South America obviously [convert] gas that we acquired earlier this year has been transferred to Agility targeting South America, but also Africa. We have a business in Russia, Russia for obvious reasons been a little bit less exciting in business terms than we have expected a few years ago, but they have major CNG fleets in the bus system and Europe as well.
And one area that has not yet been addressed is the Refuse market outside North America. So obviously a good solution for environmental reasons, so that's one of the target areas, but we expect to give also more concrete feedback on Agility in these presentations going forward.
Fredrik Steinslien
Thank you.
Jon Erik Engeset
Question from the webcast.
Unidentified Analyst
We have a question from one of the audience and webcast from Lowland Monterey. Is the 2016 yearly outlook still on target to be significantly better than yearly 2015 as expected two quarters ago?
Jon Erik Engeset
Would you like to comment?
David Bandele
Yes. Clearly, our year-to-date performance on the topline has been 200 million lower.
So I think that's really addresses that question, but the issue is that from a profitability point of view, we’ve been able to match at least how that same profitability given the lower turnover. So mobile pipeline, we expected – if you go back three quarters, we expected a recovery in second half of the year and that recovery has been slightly delayed.

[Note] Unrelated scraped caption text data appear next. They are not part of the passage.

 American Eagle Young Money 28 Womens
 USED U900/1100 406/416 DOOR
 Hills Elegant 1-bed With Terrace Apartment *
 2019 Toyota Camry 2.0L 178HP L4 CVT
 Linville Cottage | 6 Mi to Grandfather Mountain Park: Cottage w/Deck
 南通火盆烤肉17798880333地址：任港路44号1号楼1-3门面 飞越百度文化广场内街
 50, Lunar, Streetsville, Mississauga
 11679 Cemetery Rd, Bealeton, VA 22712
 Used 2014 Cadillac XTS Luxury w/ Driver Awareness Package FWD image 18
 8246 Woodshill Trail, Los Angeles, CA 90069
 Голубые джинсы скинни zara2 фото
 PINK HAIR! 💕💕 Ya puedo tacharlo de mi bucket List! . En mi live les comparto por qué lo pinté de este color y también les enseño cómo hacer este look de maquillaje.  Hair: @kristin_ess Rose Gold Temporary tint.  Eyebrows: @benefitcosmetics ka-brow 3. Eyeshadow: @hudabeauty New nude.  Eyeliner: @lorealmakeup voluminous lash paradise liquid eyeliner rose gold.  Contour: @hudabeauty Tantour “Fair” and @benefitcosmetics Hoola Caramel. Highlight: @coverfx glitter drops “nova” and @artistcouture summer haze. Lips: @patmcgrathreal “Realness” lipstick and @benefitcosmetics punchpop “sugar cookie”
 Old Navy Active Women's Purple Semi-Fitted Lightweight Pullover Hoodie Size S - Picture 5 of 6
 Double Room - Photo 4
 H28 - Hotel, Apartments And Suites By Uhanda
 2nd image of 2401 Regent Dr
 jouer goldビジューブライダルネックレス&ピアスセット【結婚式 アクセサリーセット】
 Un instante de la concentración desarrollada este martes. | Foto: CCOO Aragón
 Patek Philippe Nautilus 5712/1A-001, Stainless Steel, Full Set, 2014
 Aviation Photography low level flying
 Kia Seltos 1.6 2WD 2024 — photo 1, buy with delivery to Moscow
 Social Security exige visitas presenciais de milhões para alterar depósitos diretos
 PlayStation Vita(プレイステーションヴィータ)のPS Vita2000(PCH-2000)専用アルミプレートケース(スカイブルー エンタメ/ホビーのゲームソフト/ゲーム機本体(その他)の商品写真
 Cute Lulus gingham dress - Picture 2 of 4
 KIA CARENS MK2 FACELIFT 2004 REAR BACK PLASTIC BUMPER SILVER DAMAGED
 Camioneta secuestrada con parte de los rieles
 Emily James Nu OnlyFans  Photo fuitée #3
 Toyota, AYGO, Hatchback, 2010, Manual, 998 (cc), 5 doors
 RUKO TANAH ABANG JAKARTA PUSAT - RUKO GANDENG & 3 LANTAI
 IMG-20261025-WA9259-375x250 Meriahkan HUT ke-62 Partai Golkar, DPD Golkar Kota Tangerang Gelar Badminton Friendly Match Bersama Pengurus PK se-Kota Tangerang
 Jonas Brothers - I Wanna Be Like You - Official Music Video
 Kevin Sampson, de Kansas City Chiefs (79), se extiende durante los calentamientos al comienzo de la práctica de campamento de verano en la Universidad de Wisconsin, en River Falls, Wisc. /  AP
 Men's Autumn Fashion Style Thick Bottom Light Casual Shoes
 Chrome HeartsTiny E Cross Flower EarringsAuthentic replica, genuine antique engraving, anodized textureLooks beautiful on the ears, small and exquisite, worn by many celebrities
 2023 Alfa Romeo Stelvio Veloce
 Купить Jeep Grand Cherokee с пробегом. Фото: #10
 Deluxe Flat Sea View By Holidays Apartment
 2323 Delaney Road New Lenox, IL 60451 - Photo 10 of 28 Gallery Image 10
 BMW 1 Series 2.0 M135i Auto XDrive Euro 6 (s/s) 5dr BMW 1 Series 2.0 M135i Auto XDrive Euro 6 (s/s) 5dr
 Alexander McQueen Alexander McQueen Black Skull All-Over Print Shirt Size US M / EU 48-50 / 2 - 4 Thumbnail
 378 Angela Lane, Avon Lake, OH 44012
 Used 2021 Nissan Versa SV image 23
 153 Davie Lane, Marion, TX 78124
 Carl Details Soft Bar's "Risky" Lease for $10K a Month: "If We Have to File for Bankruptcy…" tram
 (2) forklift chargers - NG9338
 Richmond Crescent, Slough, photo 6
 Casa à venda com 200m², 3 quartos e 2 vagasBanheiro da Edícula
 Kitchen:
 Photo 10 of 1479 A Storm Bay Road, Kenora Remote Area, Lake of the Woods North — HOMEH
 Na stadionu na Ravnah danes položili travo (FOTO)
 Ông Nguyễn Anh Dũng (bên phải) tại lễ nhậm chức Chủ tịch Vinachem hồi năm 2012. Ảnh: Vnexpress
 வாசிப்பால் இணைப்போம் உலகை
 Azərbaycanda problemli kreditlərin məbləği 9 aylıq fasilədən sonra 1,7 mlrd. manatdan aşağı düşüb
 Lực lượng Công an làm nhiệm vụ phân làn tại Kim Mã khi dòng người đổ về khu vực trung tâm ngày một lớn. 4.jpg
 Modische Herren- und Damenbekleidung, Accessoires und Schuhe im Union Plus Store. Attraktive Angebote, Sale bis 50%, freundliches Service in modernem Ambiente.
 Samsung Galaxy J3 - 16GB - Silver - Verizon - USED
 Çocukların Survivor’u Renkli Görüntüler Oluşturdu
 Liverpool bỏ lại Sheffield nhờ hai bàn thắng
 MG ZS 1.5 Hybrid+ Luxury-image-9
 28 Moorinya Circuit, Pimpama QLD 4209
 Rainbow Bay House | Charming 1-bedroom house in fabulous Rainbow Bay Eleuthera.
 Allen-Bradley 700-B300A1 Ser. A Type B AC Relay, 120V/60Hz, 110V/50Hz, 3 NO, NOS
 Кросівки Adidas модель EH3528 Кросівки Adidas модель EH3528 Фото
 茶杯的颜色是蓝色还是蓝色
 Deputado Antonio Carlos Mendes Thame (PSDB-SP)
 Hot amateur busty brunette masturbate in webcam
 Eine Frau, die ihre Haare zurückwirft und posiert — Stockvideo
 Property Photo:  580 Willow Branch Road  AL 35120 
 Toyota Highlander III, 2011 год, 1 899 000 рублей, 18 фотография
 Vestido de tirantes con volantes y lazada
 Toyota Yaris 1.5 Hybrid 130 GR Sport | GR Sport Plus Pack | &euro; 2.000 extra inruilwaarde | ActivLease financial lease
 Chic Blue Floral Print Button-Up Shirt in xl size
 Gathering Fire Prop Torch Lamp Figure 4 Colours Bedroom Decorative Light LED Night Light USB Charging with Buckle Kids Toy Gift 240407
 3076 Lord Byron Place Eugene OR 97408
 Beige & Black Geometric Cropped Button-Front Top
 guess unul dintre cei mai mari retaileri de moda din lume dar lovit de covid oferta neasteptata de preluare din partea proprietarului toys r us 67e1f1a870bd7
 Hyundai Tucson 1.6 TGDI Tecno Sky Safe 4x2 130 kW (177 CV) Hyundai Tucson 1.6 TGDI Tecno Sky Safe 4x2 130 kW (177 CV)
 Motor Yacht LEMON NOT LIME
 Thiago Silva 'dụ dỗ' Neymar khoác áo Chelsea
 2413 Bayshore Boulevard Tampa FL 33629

But again, the good news as we saw earlier today is that North American oil and gas, large opportunity in North American oil and gas has come back and that will begin in 2016 end off and through 2017. So it's been lower than what we expected, absolutely.
But it's not – the market's not going away. It's more has been delayed.
Unidentified Analyst
Thank you. There are two more questions from Monterey.
Could you expand your comments on the U.S. oil and gas market is returning after the two-year level?
Thank you.
Jon Erik Engeset
I think on that note I will just refer to the release that we made this morning. So there is more information there.
But very encouraging that the main player in this segment is coming back with a significant order to us we think that marks a change of times.
Unidentified Analyst
And the last question. What factors will determine whether Hexagon will purchase Agility U.S.
or not?
Jon Erik Engeset
That is not an issue, I would like to debate now. Now we are very much focused together with our partners on the Agility side to make that a success.
We expect that to be the focus for the next few years and then we will make that judgment when that success is achieved.
Unidentified Analyst
Thank you. That was the questions from the webcast audience.
End of Q&A
Jon Erik Engeset
Okay. Thank you.
If there are no more questions, I thank you all for taking the time to spend with us this morning. And have a good rest of the day.